Brightening a dull look in bedrooms DESIGNING WOMAN

April 02, 1992|By Rita St. Clair | Rita St. Clair,Los Angeles Times Syndicate

Bedrooms are often seen -- from a purely decorative standpoint -- as the dullest parts of the house. Or so it would seem from the letters I receive. Many readers ask for my advice on how they might enliven their bedrooms.

Most of these letter-writers also mention that the size of their redecorating budget is as small as the room itself. At the same time, I'm often told of a need for greater storage space. So it can indeed be a challenge to reconcile these various issues, especially when the room must accommodate a king-size bed.

The initial step toward a solution is to understand the proper order of priorities. And if a room's design is to work over the long haul, then functional considerations have got to be given precedence over everything else. In a bedroom, this means focusing most closely on the sleeping and storage aspects.

The model shown in the photo may provide some direction. Here, the addition of a few decorative items put some zip in an otherwise dull setting. The furniture layout also helped relieve the monotony. Modular pieces, all of the same height, form a continuous smooth line that turns a corner, thereby introducing a bit more visual interest. By incorporating both the dresser and the night tables, this compact arrangement makes the most of the limited space that's available for storage.

Please note that in this case the cabinetry is only 28 inches high. A low-slung unit will enhance the sense of height in a room with a low ceiling.

In a small space, it isn't necessary for every piece of furniture to be dramatically designed or of heirloom quality. The best strategy in such circumstances is to keep the lines simple for the most part, and to reserve the special effects for a single focal point.

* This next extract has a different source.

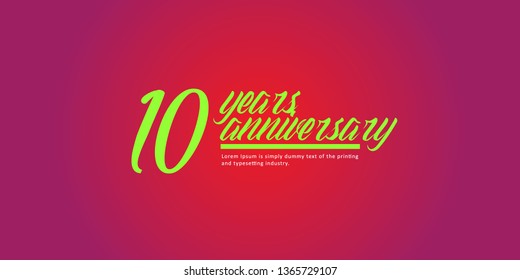10 Year Anniversary Vector Template Design Illustration, with flat design.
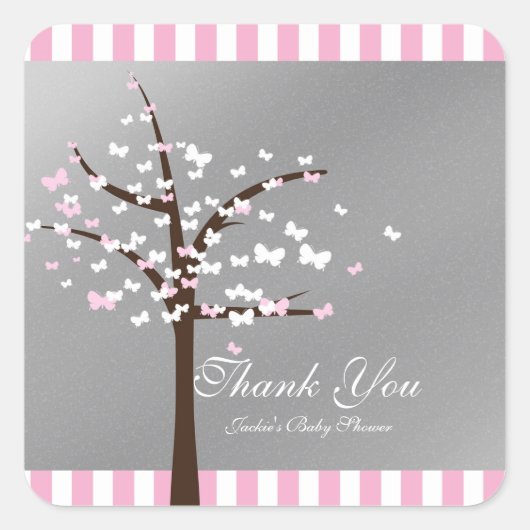 バタフライツリーピンク&グレーベビーシャワーステッカー スクエアシール (正面)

The headboard, whether large or small, is the most obvious candidate for that role. Think about it -- headboards are meant to have a mostly decorative purpose, since seldom does one's head actually rest against that board. Since the invention of the bed frame, headboards also don't do anything to keep the bed together.

In this case, a lacquered wooden Kashmir screen makes a stunning headboard. Decorated with flowers and leaves, this eye-catching piece evokes the aura of a Persian garden. The screen's cream, orange and pink colors meanwhile suffuse the room with a soothing warmth.

The colors of a focal point ought to give direction for the entire room. Accents should be based on the more vivid hues, while the walls ought to be treated as a backdrop to the main event. Similarly, the bedspread is best left casual and subdued so as not to compete with the headboard.

By properly balancing colors in order to call attention to a single part of the room, it's possible to open up enormous vistas in a relatively small space.

Care must be taken, however, to prevent a dominant decorative piece from overwhelming everything else in the room. An interesting mirror frame makes a useful addition, for example, as does a collection of personal memorabilia. Indeed, accessories such as family photos or a few tabletop art objects offer the easiest means of pepping up a bedroom's appearance.